Questi principi hanno ispirato un numero crescente di istituti culturali in tutto il mondo, come la Library of Congress o la New York Public Library, il Getty Research Institute, il Rijksmuseum, la Biblioteca Nazionale di Spagna, il Museo Nazionale di Stoccolma e la Galleria Nazionale di Danimarca (che ha adottato lo slogan: It’s your cultural heritage. Use it!), i quali hanno scelto di rendere scaricabili dai propri siti web le immagini ad altissima risoluzione delle opere in pubblico dominio contenute nelle collezioni per incentivare il libero riutilizzo dell’immagine per qualsiasi fine, anche commerciale.

In molti casi, fa notare Il Capitolo italiano di Creative Commons (CC), si riscontra che le entrate provenienti dalla vendita delle immagini o dai canoni applicati sul riuso commerciale delle stesse, siano irrisorie se non addirittura inferiori alle spese di gestione dell’e-commerce o del meccanismo concessorio.

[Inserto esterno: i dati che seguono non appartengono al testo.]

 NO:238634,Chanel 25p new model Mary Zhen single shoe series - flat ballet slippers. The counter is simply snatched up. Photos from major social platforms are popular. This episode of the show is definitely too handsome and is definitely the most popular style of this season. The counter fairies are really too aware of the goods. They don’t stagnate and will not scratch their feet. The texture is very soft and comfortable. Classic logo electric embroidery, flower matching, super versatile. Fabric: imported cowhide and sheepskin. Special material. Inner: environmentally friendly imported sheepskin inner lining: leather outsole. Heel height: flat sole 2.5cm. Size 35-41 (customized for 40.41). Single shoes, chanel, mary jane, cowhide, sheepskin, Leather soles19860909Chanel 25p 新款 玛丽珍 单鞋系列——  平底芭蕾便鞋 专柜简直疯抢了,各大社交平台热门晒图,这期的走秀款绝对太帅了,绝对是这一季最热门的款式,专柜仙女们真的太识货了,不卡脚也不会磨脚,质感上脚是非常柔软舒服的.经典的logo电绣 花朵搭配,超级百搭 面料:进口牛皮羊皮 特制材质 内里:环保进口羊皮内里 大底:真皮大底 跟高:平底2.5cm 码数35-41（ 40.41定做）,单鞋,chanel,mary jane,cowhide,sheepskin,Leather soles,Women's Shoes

Per contro, gli istituti che adottano un approccio aperto godono di importanti benefici in termini di marketing, di maggiore afflusso di turisti e, in generale, di maggiore capacità di attrarre finanziamenti pubblici e privati.

Infine, la libera circolazione di immagini, anche per scopi commerciali, può agevolare la creazione di lavoro e redditi in un’economia circolare che, a sua volta, si traduce in maggiori introiti nelle casse dello Stato nell’ambito della fiscalità generale.

L’Appello

«Alla luce di queste premesse e della necessità di rilanciare i settori della ricerca, del turismo e dell’industria creativa piegati oggi dall’emergenza Covid,  – si legge nel testo – rivolgiamo questo appello agli Stati membri affinché recepiscano il principio enucleato dall’articolo 14 nel modo più ampio ed armonizzato possibile, favorendo l’adozione generalizzata da parte degli istituti culturali delle  licenze aperte per il libero riuso, per qualsiasi scopo, delle immagini del patrimonio»

«In particolare, – sottolinea l’appello – nel caso di riproduzione fedele di opere delle arti visive che sono riconosciute in pubblico dominio in tutto il mondo, incoraggiamo gli istituti culturali ad applicare lo strumento del Public Domain Mark (PDM) o, in alternativa, CC0 se ci sono dubbi sul fatto che la riproduzione sia ancora soggetta a copyright in qualche Stato; mentre, nel caso di riproduzione originale di opere delle arti visive in pubblico dominio, sollecitiamo i predetti istituti, qualora titolari dei diritti d’autore, ad adottare lo strumento CC0».

«Da ultimo, – conclude l’appello – qualora i suddetti istituti non siano i titolari dei diritti sulla riproduzione creativa, riteniamo fondamentale che essi si adoperino, attraverso l’adozione di specifici accordi con i titolari stessi, per il rilascio delle riproduzioni con CC0».